So, instead, think about the thing that you’re drawn to, the one platform that makes the most sense for how you create content, and think about content, and publish content. And for you, that seems like YouTube, it makes a lot of sense to go deep on YouTube, and to get a really good understanding of that, as a social platform. And there’s going to be an inherent loss in saying, “Okay, I’m saying no to these other platforms, I’m saying no to these other things, and this could be time management in general. In order to say yes to this one thing, and to say yes in a really committed way that’s going to have a really big impact.”

And it’s not to say that that’s forever, and that you never touch any of those other platforms, but, you want to focus on a single platform until you feel like, okay, I have created systems around it, I know the, how to optimize for this platform, I know what I’m doing, and now I’ve found that I have some margin to build in another thing. And maybe that additional thing is then posting videos to Instagram, for instance. Where it’s kind of related, there’s a little bit of overlap, but it allows you to expand out a little bit.

So, you might miss out on some of the conversations with people that you’re connected with, and friends, but I think that’s a necessary and important thing to cut out at, for a limited amount of time, maybe it’s six months, maybe it’s a year, in order for you to go deep in a single platform, to say, no to one area, in order to say yes to another area. To go deep on that single platform, to learn it, to optimize for it, to develop systems around it, where you’re not having to learn every single time, or relearn, you know, the best way to do something.

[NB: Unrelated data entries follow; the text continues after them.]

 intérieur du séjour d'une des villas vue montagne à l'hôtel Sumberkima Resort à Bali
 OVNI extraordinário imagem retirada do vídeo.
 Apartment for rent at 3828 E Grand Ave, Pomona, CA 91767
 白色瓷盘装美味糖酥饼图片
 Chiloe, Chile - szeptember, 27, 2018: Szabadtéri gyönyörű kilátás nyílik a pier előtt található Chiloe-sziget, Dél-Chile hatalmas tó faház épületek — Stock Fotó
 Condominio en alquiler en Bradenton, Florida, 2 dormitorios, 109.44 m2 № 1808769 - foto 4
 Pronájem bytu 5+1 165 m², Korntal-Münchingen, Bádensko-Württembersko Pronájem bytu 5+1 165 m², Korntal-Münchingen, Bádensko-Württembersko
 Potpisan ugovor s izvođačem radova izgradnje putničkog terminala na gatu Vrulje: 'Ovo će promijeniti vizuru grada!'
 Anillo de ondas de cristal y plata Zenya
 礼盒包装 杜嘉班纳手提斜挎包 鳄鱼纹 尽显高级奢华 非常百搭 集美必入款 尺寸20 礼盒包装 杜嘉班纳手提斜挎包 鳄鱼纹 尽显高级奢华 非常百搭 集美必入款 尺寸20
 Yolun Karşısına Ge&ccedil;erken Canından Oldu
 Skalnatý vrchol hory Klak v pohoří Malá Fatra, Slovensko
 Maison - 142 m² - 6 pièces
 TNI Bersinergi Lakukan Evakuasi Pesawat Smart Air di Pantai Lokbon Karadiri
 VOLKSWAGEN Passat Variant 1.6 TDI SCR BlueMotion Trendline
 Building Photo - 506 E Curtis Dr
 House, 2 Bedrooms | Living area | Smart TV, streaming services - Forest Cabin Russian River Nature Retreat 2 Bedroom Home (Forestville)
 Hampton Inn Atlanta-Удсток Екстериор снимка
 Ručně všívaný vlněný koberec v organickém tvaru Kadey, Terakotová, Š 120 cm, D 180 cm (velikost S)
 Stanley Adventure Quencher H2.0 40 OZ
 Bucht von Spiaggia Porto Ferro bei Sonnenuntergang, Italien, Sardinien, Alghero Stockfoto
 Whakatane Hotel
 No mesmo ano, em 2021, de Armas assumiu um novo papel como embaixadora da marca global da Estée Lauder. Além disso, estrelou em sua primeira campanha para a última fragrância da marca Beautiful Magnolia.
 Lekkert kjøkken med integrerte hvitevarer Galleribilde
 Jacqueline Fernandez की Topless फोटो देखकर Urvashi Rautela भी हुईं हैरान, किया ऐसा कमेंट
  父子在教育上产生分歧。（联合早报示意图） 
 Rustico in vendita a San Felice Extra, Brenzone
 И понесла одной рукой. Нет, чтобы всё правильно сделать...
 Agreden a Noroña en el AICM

And, once you have established that, once you’ve mastered that, then you can kind of layer in little pieces beyond that. And, example, for us, what we do, I feel like that, for us, is the podcast. So, that’s the area that I’ve decided to go really deep on, as a creator, and then we use that, like I said, to cross promote in other areas. Whether that be Instagram, or Twitter, or Facebook, but, we’ve realized, or I’ve realized, that I can’t do everything.

And so, it’s not that we’re completely shut off for these other platforms, but there’s only one that I’ve really decided to stick to, and to go deep on in order to do that well, and as we’ve grown, as we have more resources, we’re able to then spin up additional things. For instance, we didn’t have the resources before to do Instagram for WP Tasty, but we’ve finally gotten to the point where our team and Abby is leading the charge on this, is saying, “Okay, I’m going to start to think about what does Instagram look like for WP Tasty?”

We couldn’t do that before, or if we rewind the tape way back for Pinch of Yem, it was for a long time really limited in what we were doing. We were doing essentially Instagram and maybe Facebook a little bit. And there was a time where Lindsey, or Pinch of Yem, really didn’t have any presence on Pinterest, even though it was a huge traffic driver for us, we just knew that there was a draw to a certain area, and also that area had proven engagement and performance.

And those two things have to match up, you can’t, you can’t justify spending a lot of time on a place that doesn’t have a lot of people there. So, it’s not like you could, you know, let’s say Snapchat, if you have 10 people, but you love it, it maybe makes sense to go to a platform where you have more people who are going to see it and be exposed to what you’re doing.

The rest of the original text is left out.